::: Provided information
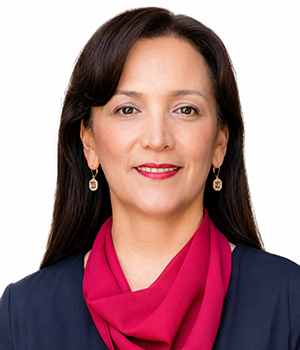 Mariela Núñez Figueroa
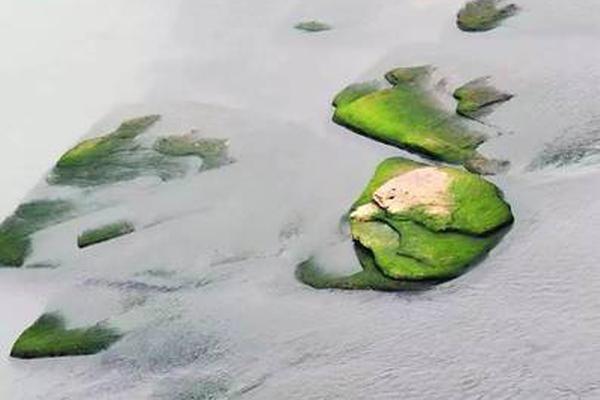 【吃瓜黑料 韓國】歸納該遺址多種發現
::::::
::: Provided information
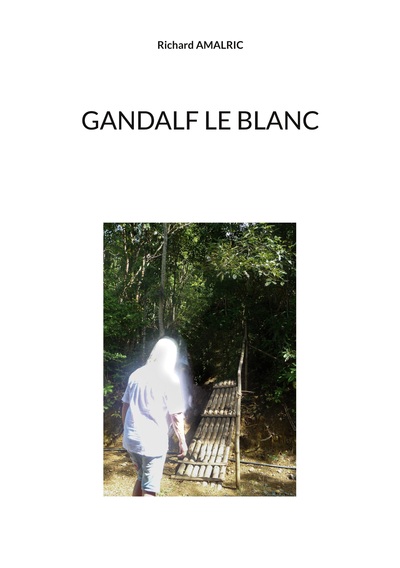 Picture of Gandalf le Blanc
::::::
::: Provided information
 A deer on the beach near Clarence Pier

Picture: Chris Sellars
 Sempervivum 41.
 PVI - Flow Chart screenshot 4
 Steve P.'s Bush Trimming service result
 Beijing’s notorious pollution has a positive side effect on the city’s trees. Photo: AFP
::::::
__Your goal__. When you reach the line in the material above that holds "PVI - Flow Chart screenshot 4", begin reproducing lines exactly, and stop after the line that holds "Beijing’s notorious pollution".

__Task result__.
 PVI - Flow Chart screenshot 4
 Steve P.'s Bush Trimming service result
 Beijing’s notorious pollution has a positive side effect on the city’s trees. Photo: AFP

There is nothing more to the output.